(Caption-style text data)
++++

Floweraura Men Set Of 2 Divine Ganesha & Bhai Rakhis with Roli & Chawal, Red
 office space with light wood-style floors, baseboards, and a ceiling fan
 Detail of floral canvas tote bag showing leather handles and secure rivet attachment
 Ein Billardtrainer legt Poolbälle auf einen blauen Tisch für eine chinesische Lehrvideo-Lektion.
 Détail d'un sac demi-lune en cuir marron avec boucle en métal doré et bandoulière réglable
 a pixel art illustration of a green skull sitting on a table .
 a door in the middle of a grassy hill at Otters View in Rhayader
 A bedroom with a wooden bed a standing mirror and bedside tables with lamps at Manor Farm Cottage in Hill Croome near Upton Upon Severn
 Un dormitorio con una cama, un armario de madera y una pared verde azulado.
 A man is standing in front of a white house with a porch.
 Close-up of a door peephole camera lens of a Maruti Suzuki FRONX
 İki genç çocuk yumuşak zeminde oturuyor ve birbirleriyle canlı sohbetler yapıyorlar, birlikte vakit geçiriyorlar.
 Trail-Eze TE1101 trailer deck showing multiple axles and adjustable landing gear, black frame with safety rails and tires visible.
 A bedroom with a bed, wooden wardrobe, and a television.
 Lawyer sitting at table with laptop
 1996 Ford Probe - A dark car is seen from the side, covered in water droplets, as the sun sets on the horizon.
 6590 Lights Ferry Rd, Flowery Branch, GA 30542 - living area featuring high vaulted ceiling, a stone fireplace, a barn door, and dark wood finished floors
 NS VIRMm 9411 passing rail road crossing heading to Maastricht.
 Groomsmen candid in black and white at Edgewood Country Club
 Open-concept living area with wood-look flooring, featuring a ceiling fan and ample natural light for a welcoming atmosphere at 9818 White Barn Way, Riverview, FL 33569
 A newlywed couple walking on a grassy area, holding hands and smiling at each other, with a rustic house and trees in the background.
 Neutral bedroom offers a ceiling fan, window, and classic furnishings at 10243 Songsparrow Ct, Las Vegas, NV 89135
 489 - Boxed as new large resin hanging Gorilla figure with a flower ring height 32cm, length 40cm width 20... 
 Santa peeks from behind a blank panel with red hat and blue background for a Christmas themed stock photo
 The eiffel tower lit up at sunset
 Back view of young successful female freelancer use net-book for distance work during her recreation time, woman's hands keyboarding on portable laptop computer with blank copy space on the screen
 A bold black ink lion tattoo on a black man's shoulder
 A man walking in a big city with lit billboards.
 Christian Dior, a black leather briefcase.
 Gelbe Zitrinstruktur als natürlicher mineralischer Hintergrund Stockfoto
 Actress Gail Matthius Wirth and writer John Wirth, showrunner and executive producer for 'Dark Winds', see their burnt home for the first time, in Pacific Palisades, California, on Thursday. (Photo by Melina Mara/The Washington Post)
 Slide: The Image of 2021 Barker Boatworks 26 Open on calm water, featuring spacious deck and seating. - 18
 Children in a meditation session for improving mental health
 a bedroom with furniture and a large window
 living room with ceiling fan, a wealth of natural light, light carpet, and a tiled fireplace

++++

> How to complete this task
An exact copy of every record above is required.

> Exercise solution
Floweraura Men Set Of 2 Divine Ganesha & Bhai Rakhis with Roli & Chawal, Red
 office space with light wood-style floors, baseboards, and a ceiling fan
 Detail of floral canvas tote bag showing leather handles and secure rivet attachment
 Ein Billardtrainer legt Poolbälle auf einen blauen Tisch für eine chinesische Lehrvideo-Lektion.
 Détail d'un sac demi-lune en cuir marron avec boucle en métal doré et bandoulière réglable
 a pixel art illustration of a green skull sitting on a table .
 a door in the middle of a grassy hill at Otters View in Rhayader
 A bedroom with a wooden bed a standing mirror and bedside tables with lamps at Manor Farm Cottage in Hill Croome near Upton Upon Severn
 Un dormitorio con una cama, un armario de madera y una pared verde azulado.
 A man is standing in front of a white house with a porch.
 Close-up of a door peephole camera lens of a Maruti Suzuki FRONX
 İki genç çocuk yumuşak zeminde oturuyor ve birbirleriyle canlı sohbetler yapıyorlar, birlikte vakit geçiriyorlar.
 Trail-Eze TE1101 trailer deck showing multiple axles and adjustable landing gear, black frame with safety rails and tires visible.
 A bedroom with a bed, wooden wardrobe, and a television.
 Lawyer sitting at table with laptop
 1996 Ford Probe - A dark car is seen from the side, covered in water droplets, as the sun sets on the horizon.
 6590 Lights Ferry Rd, Flowery Branch, GA 30542 - living area featuring high vaulted ceiling, a stone fireplace, a barn door, and dark wood finished floors
 NS VIRMm 9411 passing rail road crossing heading to Maastricht.
 Groomsmen candid in black and white at Edgewood Country Club
 Open-concept living area with wood-look flooring, featuring a ceiling fan and ample natural light for a welcoming atmosphere at 9818 White Barn Way, Riverview, FL 33569
 A newlywed couple walking on a grassy area, holding hands and smiling at each other, with a rustic house and trees in the background.
 Neutral bedroom offers a ceiling fan, window, and classic furnishings at 10243 Songsparrow Ct, Las Vegas, NV 89135
 489 - Boxed as new large resin hanging Gorilla figure with a flower ring height 32cm, length 40cm width 20... 
 Santa peeks from behind a blank panel with red hat and blue background for a Christmas themed stock photo
 The eiffel tower lit up at sunset
 Back view of young successful female freelancer use net-book for distance work during her recreation time, woman's hands keyboarding on portable laptop computer with blank copy space on the screen
 A bold black ink lion tattoo on a black man's shoulder
 A man walking in a big city with lit billboards.
 Christian Dior, a black leather briefcase.
 Gelbe Zitrinstruktur als natürlicher mineralischer Hintergrund Stockfoto
 Actress Gail Matthius Wirth and writer John Wirth, showrunner and executive producer for 'Dark Winds', see their burnt home for the first time, in Pacific Palisades, California, on Thursday. (Photo by Melina Mara/The Washington Post)
 Slide: The Image of 2021 Barker Boatworks 26 Open on calm water, featuring spacious deck and seating. - 18
 Children in a meditation session for improving mental health
 a bedroom with furniture and a large window
 living room with ceiling fan, a wealth of natural light, light carpet, and a tiled fireplace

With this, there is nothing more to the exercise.